■ **Material supplied**:
· · · · · · ·
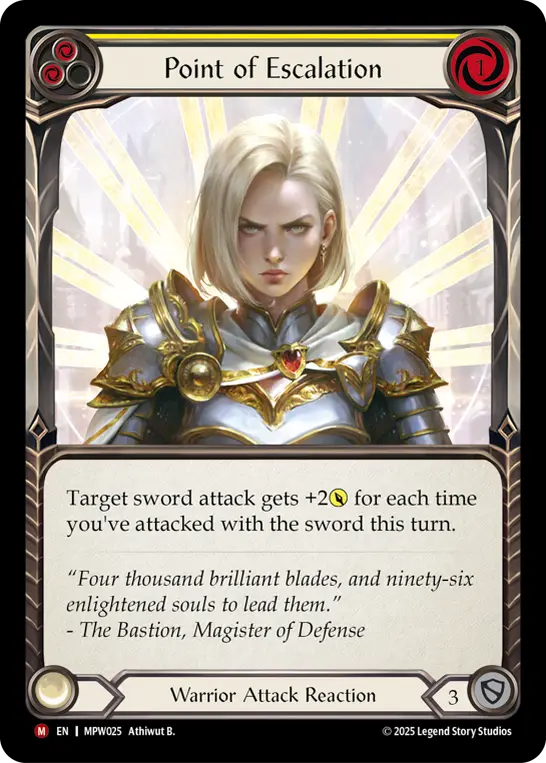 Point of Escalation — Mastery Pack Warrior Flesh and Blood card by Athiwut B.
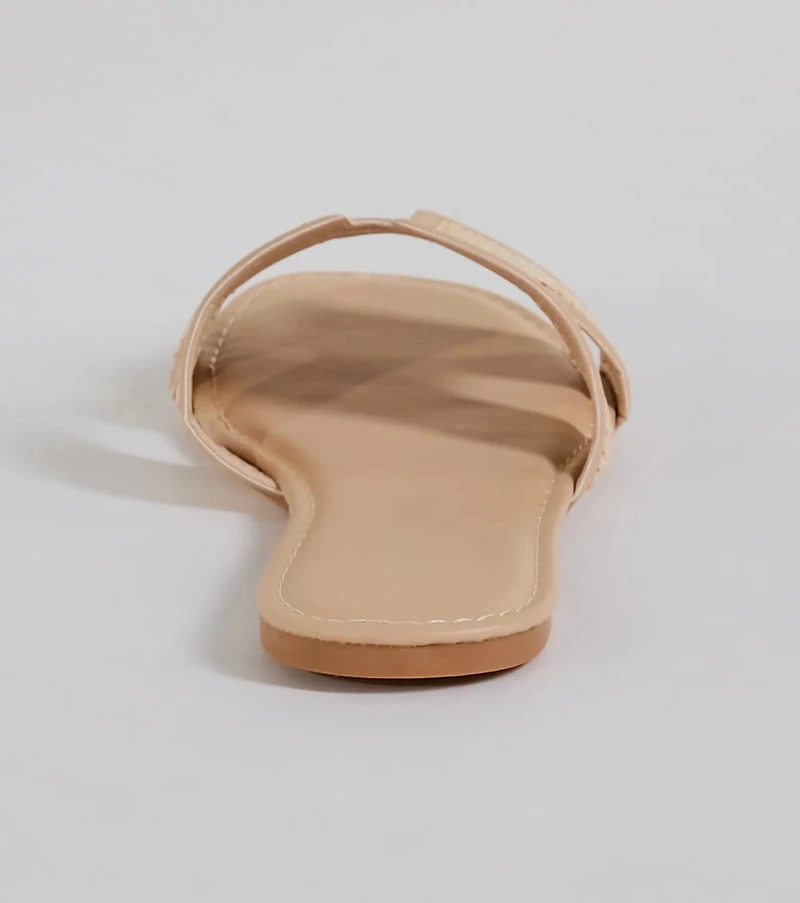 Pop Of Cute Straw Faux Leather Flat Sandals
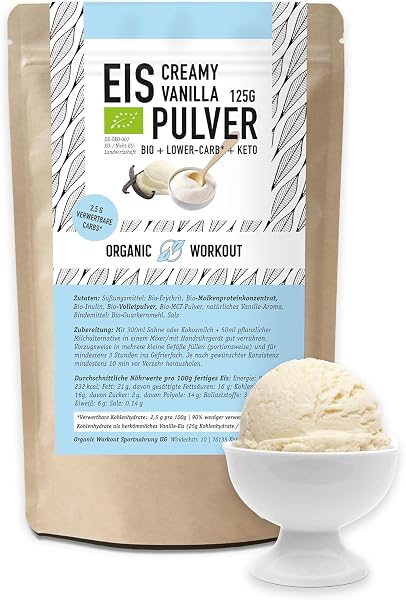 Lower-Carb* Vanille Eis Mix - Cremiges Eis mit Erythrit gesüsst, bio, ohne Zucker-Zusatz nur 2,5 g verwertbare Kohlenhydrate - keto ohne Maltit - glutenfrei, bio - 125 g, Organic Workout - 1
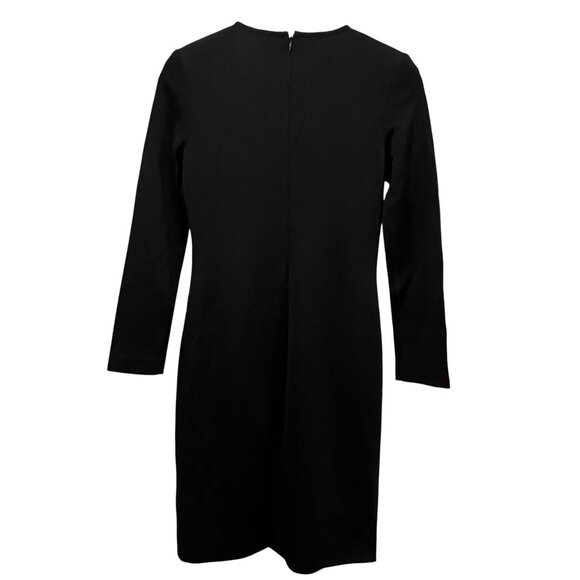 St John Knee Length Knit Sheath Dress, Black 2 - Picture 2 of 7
· · · · · · ·
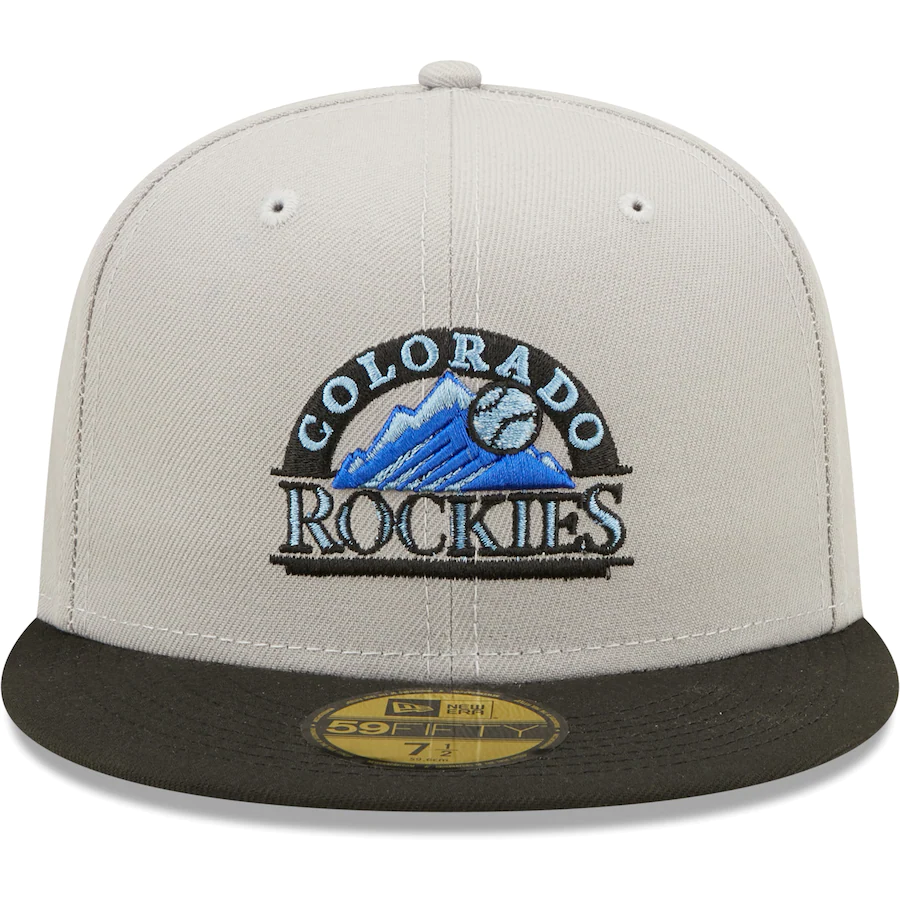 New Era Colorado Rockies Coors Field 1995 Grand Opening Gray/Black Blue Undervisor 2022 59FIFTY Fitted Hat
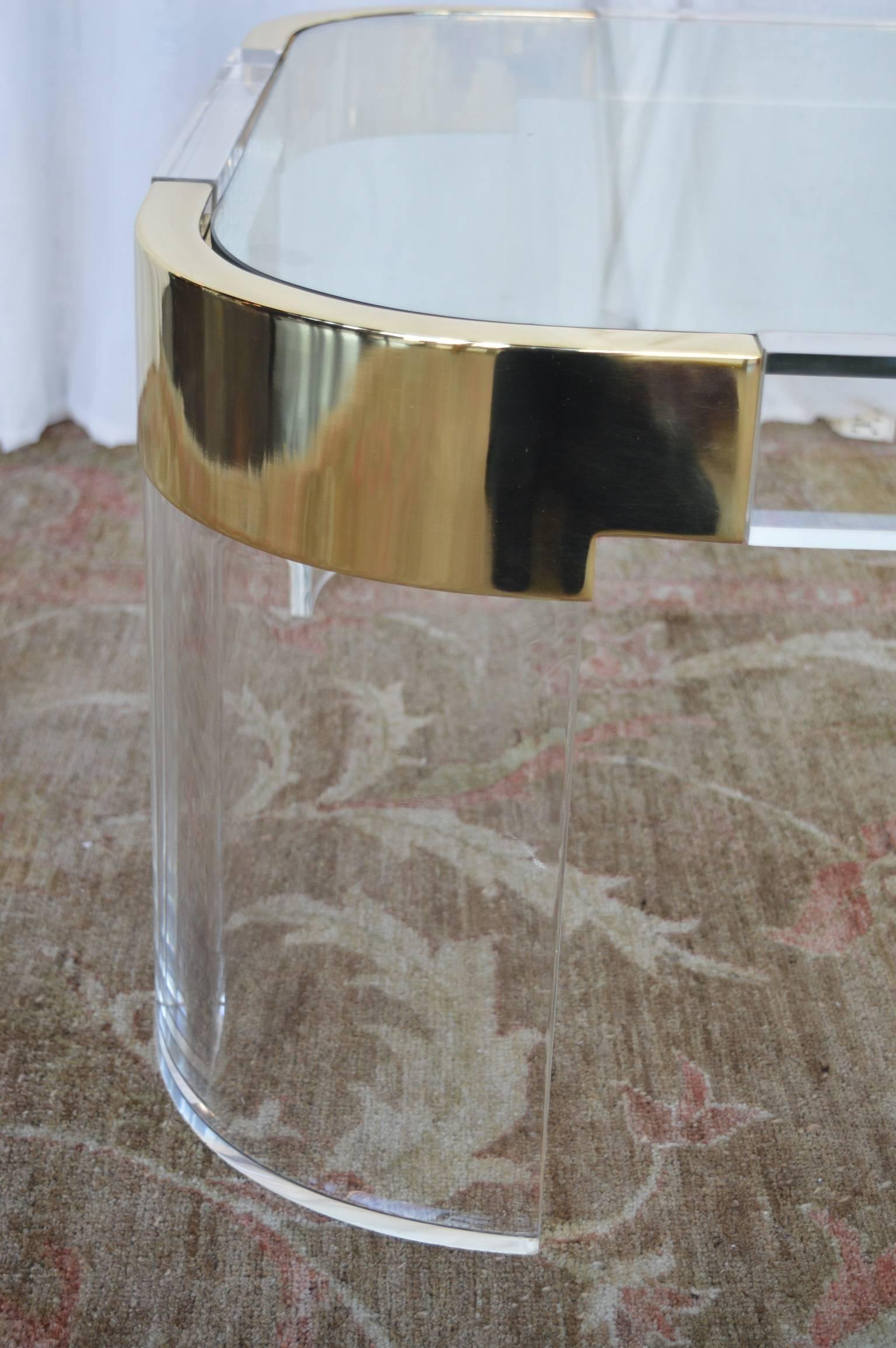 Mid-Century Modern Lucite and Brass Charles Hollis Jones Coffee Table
· · · · · · ·
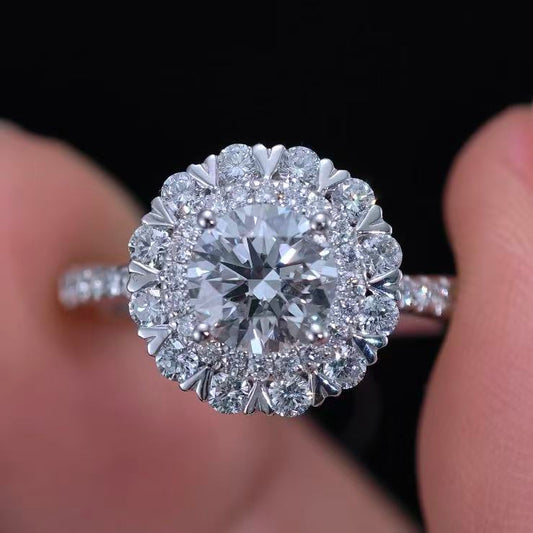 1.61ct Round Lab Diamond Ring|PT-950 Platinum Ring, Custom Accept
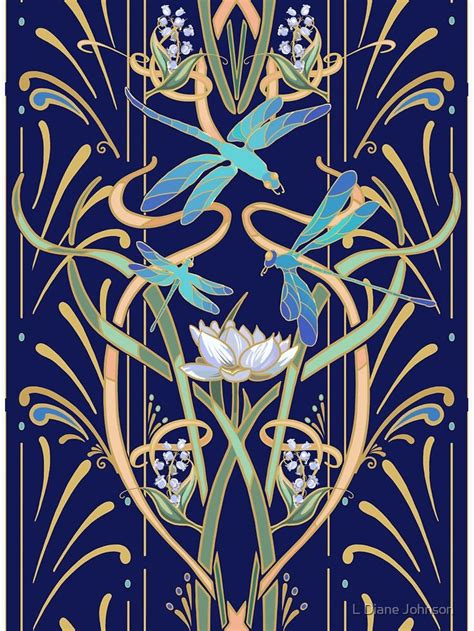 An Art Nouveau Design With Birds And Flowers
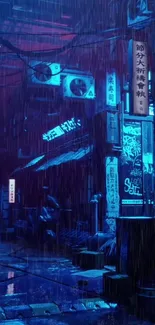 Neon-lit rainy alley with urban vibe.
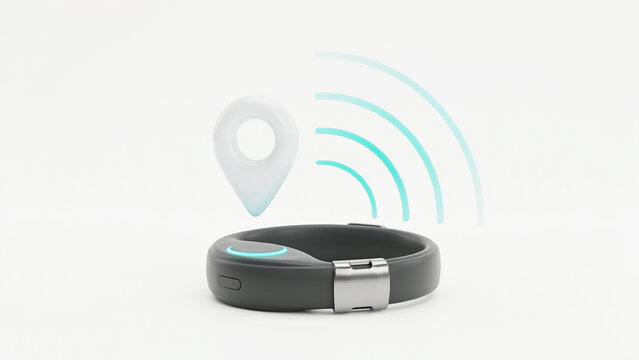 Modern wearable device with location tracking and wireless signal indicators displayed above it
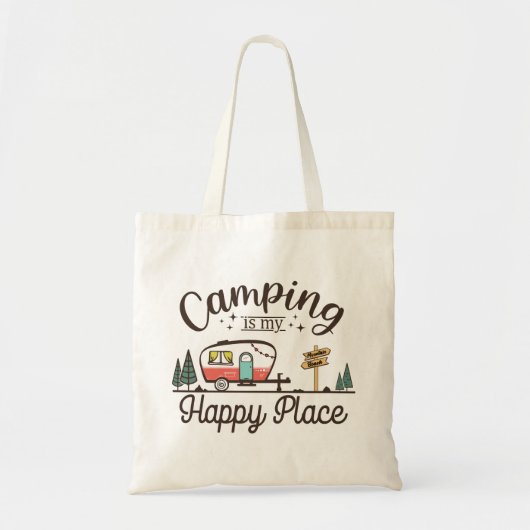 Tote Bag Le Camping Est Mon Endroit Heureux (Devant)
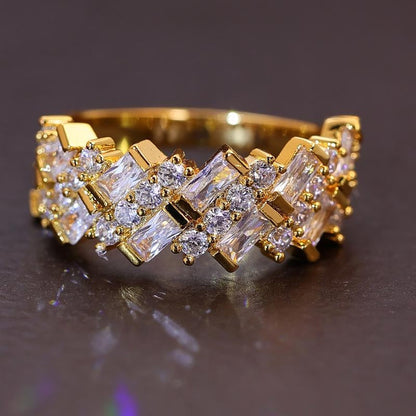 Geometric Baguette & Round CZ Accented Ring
· · · · · · ·
■ **Task brief**:
Copy exactly, without pictures, the lines above from the one with "Point of Escalation" down to the one with "St John Knee", inclusive.

■ **Response below**:
 Point of Escalation — Mastery Pack Warrior Flesh and Blood card by Athiwut B.
 Pop Of Cute Straw Faux Leather Flat Sandals
 Lower-Carb* Vanille Eis Mix - Cremiges Eis mit Erythrit gesüsst, bio, ohne Zucker-Zusatz nur 2,5 g verwertbare Kohlenhydrate - keto ohne Maltit - glutenfrei, bio - 125 g, Organic Workout - 1
 St John Knee Length Knit Sheath Dress, Black 2 - Picture 2 of 7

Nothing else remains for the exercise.